Nothing but the lines from the top of the records through the line with "RunApp is actually" should be returned, exactly, and without pictures.

Segment Start: MATERIALS PROVIDED

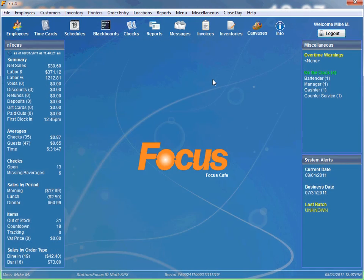Hello again Focus Fanatics. In this video I will be describing guest check macros.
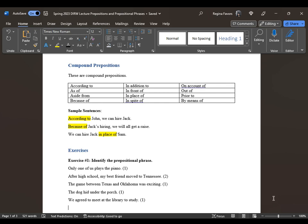Here are some example sentences using compound prepositions: 'According to John, we can hire Jack.' 'Because of Jack's hiring, we will all get a raise.' 'We can hire Jack in place of Sam.' These are your compound prepositions.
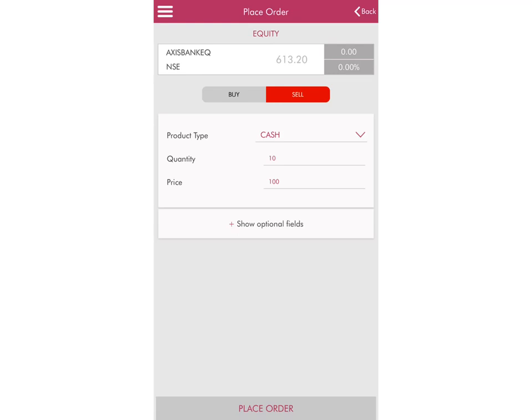Of course this is just an example — at the time of making this video, Axis Bank shares are being traded at 613.20, as you can see on the screen. So at 100, the trade will not happen. If you wished to put a market order instead, you could simply put the price as 0. Once done, just click on Place Order at the bottom of the screen, and that's it — you are done. It's that easy to sell shares through the Axis Direct app.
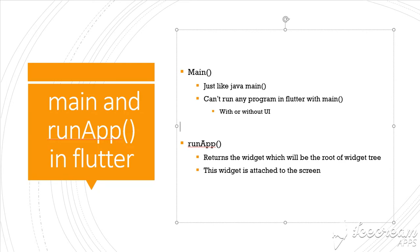RunApp is actually used to return a widget which is the root widget. This root widget is attached to the screen as the root of all the widgets or root widget of the screen. That's what runApp returns.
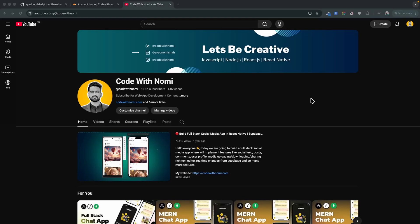Hello everyone, welcome back to the channel. Today's video is going to be very exciting — we're building an AI image service that can handle over 100,000 image requests per day. We'll be using Cloudflare to make this service, and the best part is you can use this setup in your own projects too. So without further delay, let's start building.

Segment End: MATERIALS PROVIDED

RESULT BELOW:
Hello again Focus Fanatics. In this video I will be describing guest check macros.
Here are some example sentences using compound prepositions: 'According to John, we can hire Jack.' 'Because of Jack's hiring, we will all get a raise.' 'We can hire Jack in place of Sam.' These are your compound prepositions.
Of course this is just an example — at the time of making this video, Axis Bank shares are being traded at 613.20, as you can see on the screen. So at 100, the trade will not happen. If you wished to put a market order instead, you could simply put the price as 0. Once done, just click on Place Order at the bottom of the screen, and that's it — you are done. It's that easy to sell shares through the Axis Direct app.
RunApp is actually used to return a widget which is the root widget. This root widget is attached to the screen as the root of all the widgets or root widget of the screen. That's what runApp returns.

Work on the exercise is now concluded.